RECORDS PROVIDED>
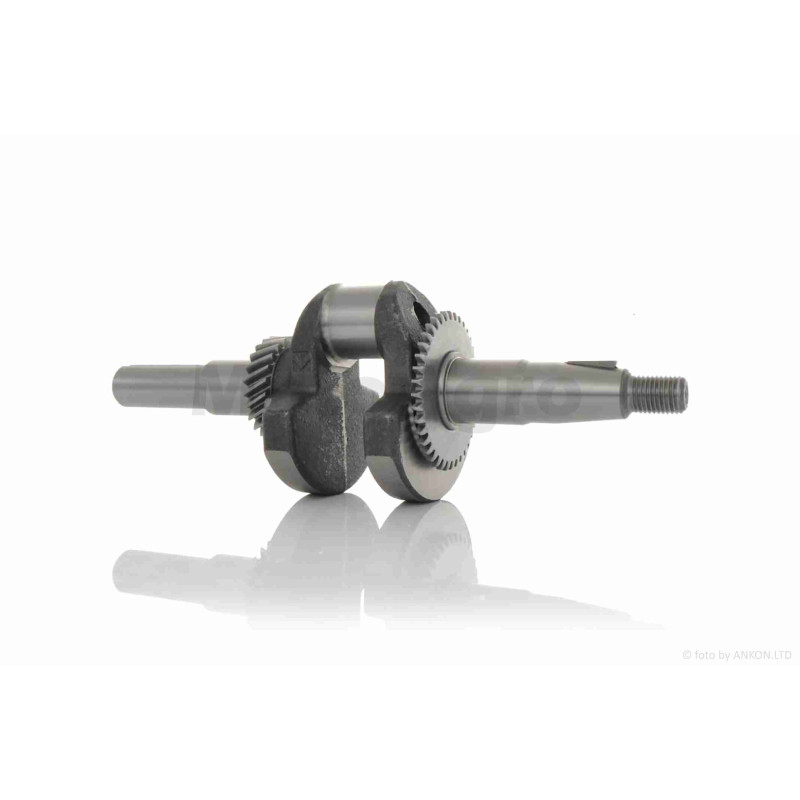 Колінвал м/б  168F  під шпонку  19mm  +гайка, шпонка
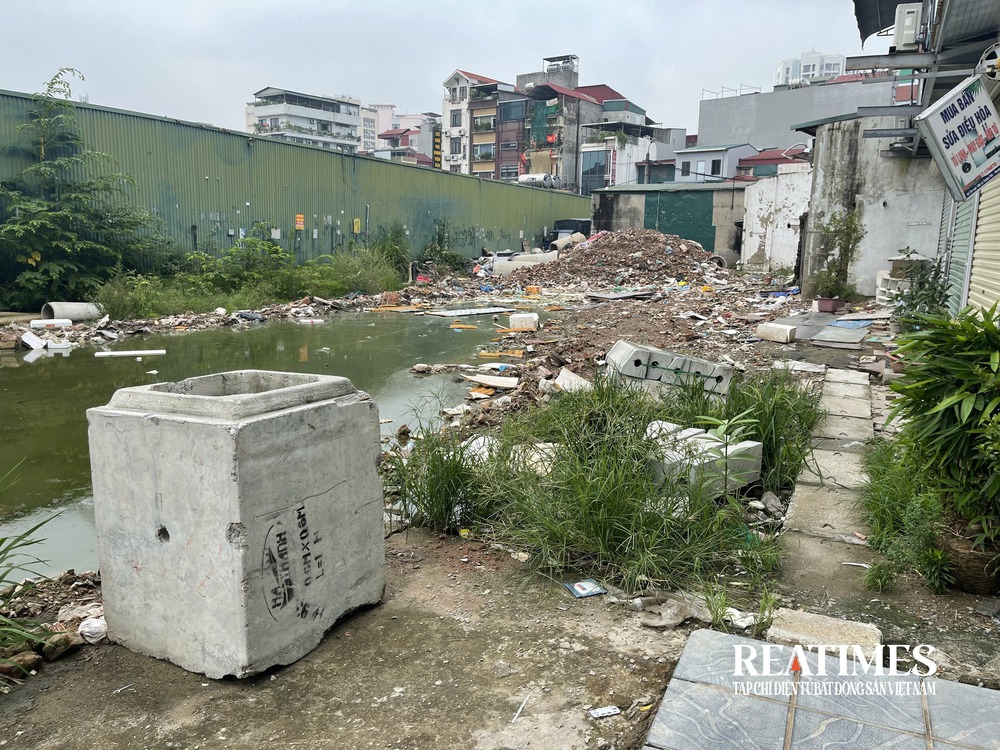 Dự án xây dựng đường vào Trường Đại học Hà Nội chậm tiến độ, ngập rác thải- Ảnh 14. Dự án xây dựng đường vào Trường Đại học Hà Nội chậm tiến độ, ngập rác thải- Ảnh 14.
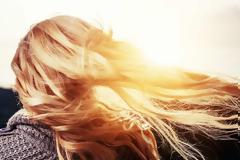 Τι δεν πρέπει να βάλεις ποτέ στα μαλλιά σου;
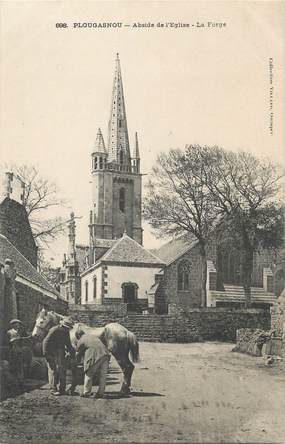 / CPA FRANCE 29 "Plougasnou, abside de l'église, la forge"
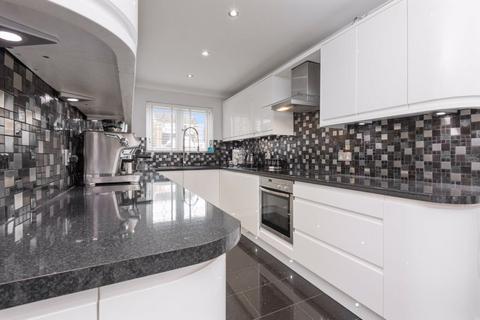 54 Buckingham Drive, Luton, LU2 9RA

INSTRUCTIONS TO FOLLOW>
In your reply, please print exactly the lines from the one with "thải- Ảnh 14. Dự" through the final line of the listing above, both included, and no pictures.

EXERCISE RESPONSE>
 Dự án xây dựng đường vào Trường Đại học Hà Nội chậm tiến độ, ngập rác thải- Ảnh 14. Dự án xây dựng đường vào Trường Đại học Hà Nội chậm tiến độ, ngập rác thải- Ảnh 14.
 Τι δεν πρέπει να βάλεις ποτέ στα μαλλιά σου;
 / CPA FRANCE 29 "Plougasnou, abside de l'église, la forge"
 54 Buckingham Drive, Luton, LU2 9RA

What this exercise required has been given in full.